* _BRIEF_
Taking only the lines of the data below from the line with "İtalya kırsalında güneşli" to the line with "f:id:banbiyan:20070819142446j:image", ends included, write them out exactly and without pictures.

* _GIVEN DATA_
+++

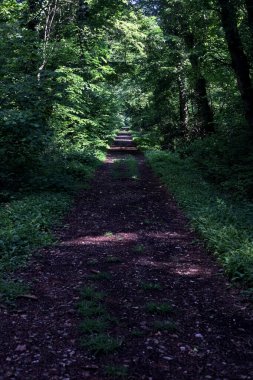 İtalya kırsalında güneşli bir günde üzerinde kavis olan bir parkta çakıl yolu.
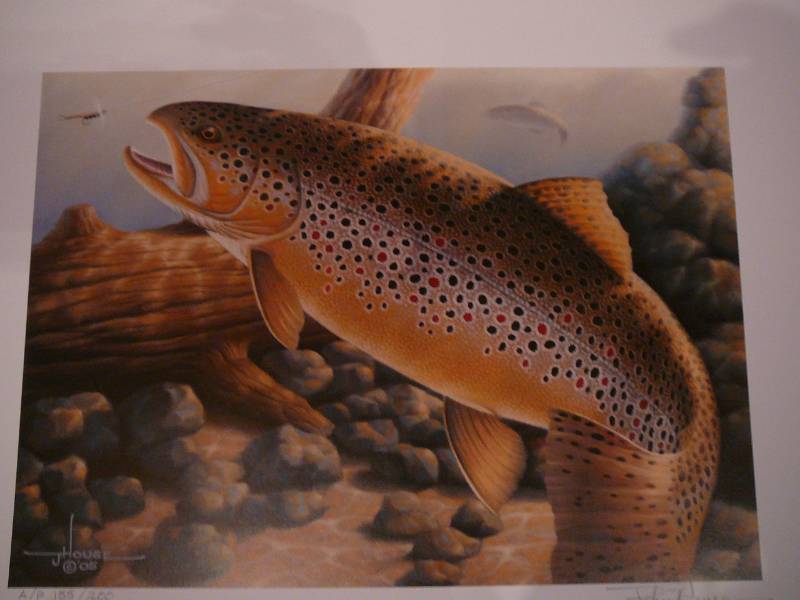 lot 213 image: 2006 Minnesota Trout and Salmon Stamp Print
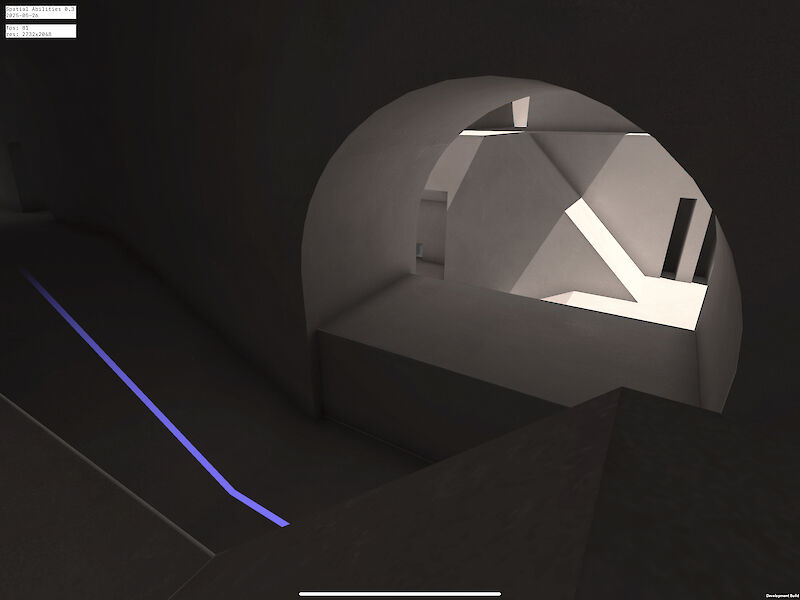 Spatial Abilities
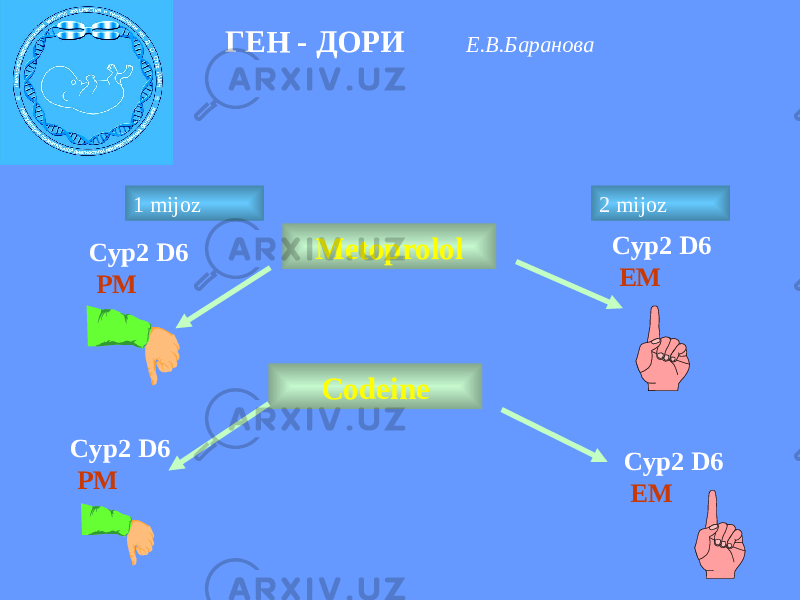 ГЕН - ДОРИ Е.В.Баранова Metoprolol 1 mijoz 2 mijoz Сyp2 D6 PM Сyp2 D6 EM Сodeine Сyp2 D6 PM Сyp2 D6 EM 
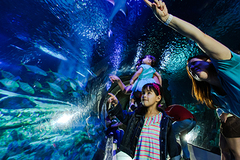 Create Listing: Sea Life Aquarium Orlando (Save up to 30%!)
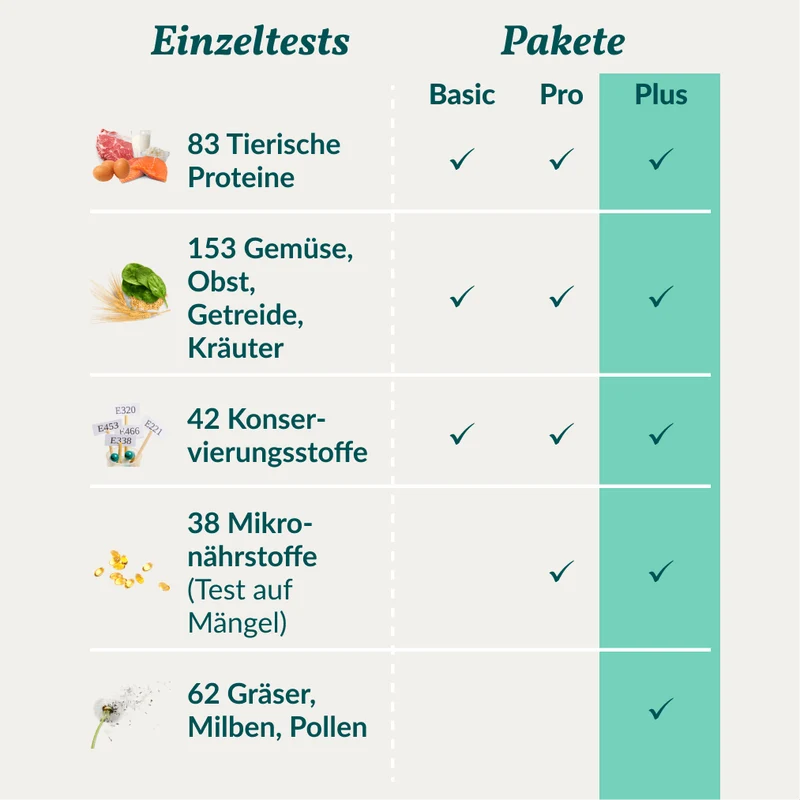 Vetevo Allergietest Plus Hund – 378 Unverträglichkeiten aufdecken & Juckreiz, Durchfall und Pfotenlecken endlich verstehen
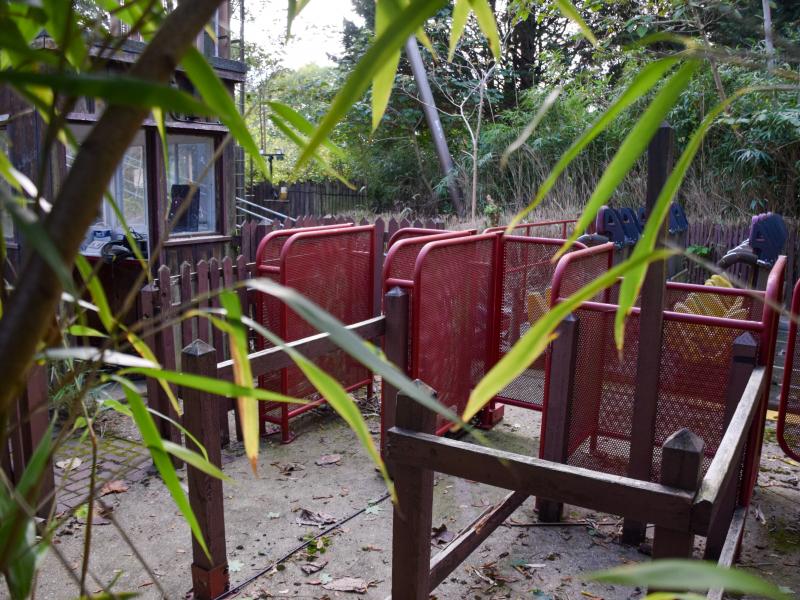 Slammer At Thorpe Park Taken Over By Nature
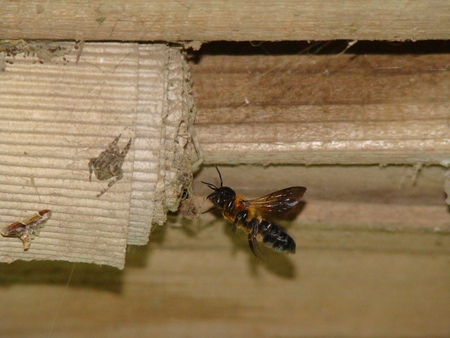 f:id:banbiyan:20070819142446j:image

+++

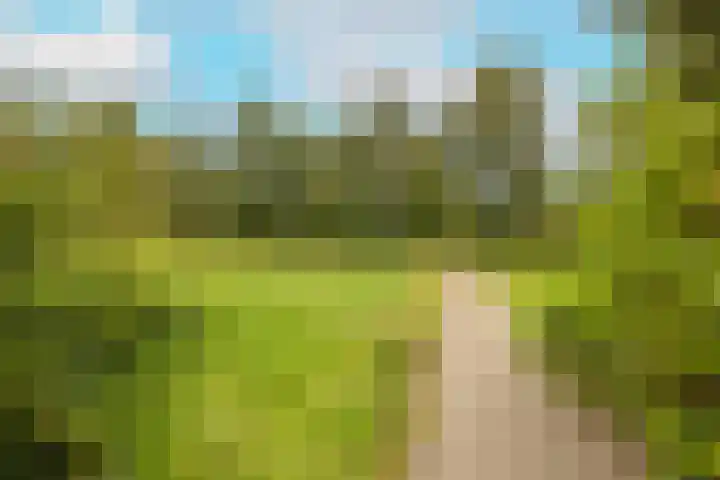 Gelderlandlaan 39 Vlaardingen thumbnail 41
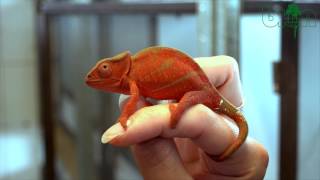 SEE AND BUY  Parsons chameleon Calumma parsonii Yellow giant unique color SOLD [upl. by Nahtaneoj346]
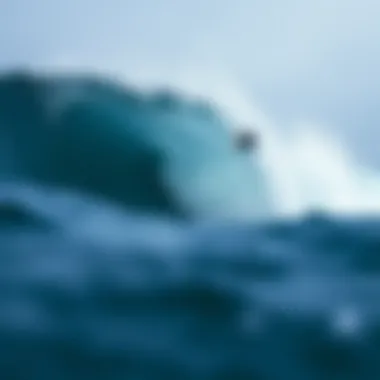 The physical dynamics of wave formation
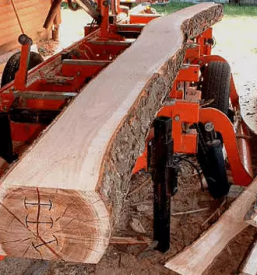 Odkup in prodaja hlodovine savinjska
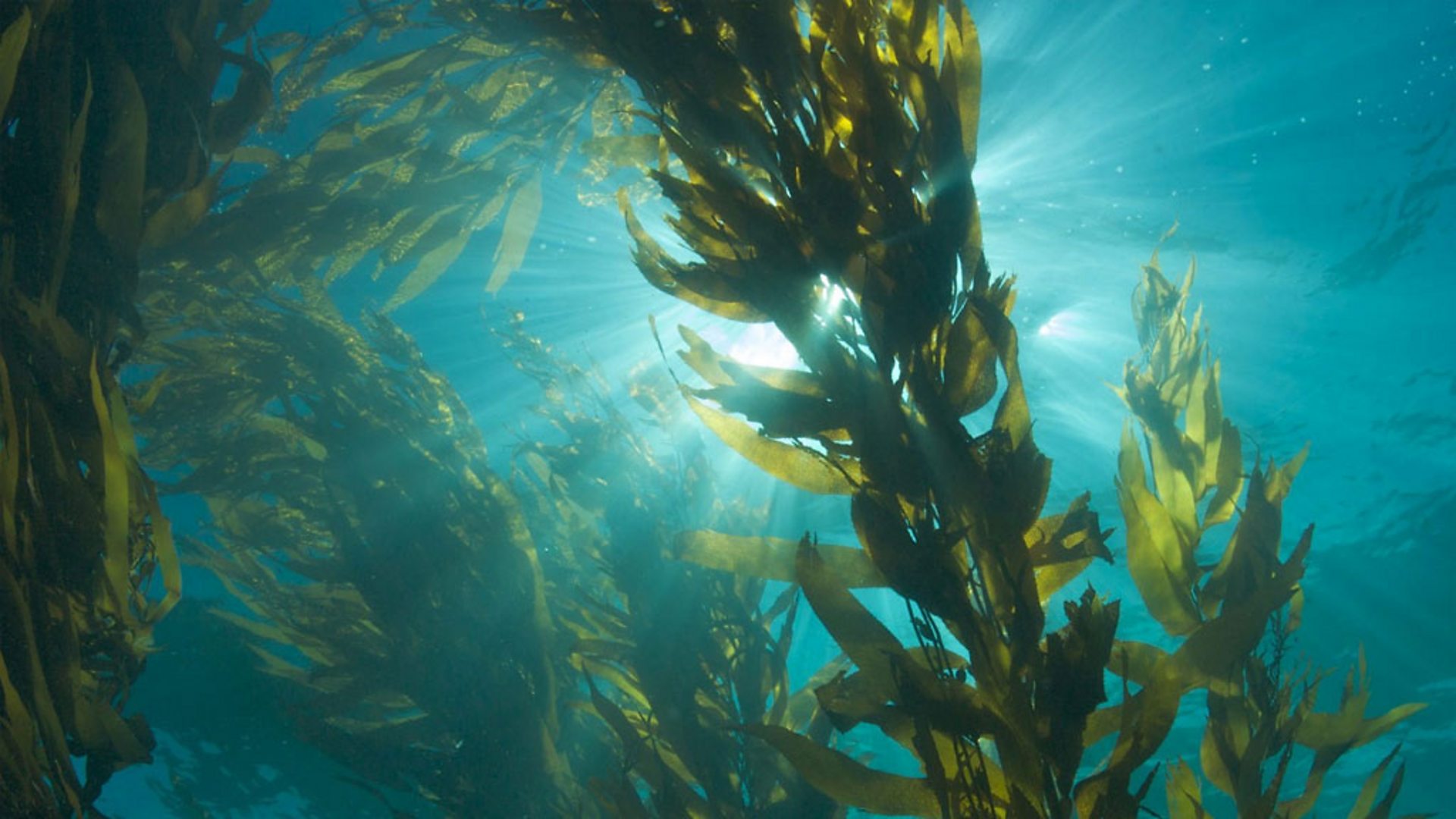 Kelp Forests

+++

* _OUTPUT OF THE EXERCISE_
 İtalya kırsalında güneşli bir günde üzerinde kavis olan bir parkta çakıl yolu.
 lot 213 image: 2006 Minnesota Trout and Salmon Stamp Print
 Spatial Abilities
 ГЕН - ДОРИ Е.В.Баранова Metoprolol 1 mijoz 2 mijoz Сyp2 D6 PM Сyp2 D6 EM Сodeine Сyp2 D6 PM Сyp2 D6 EM 
 Create Listing: Sea Life Aquarium Orlando (Save up to 30%!)
 Vetevo Allergietest Plus Hund – 378 Unverträglichkeiten aufdecken & Juckreiz, Durchfall und Pfotenlecken endlich verstehen
 Slammer At Thorpe Park Taken Over By Nature
 f:id:banbiyan:20070819142446j:image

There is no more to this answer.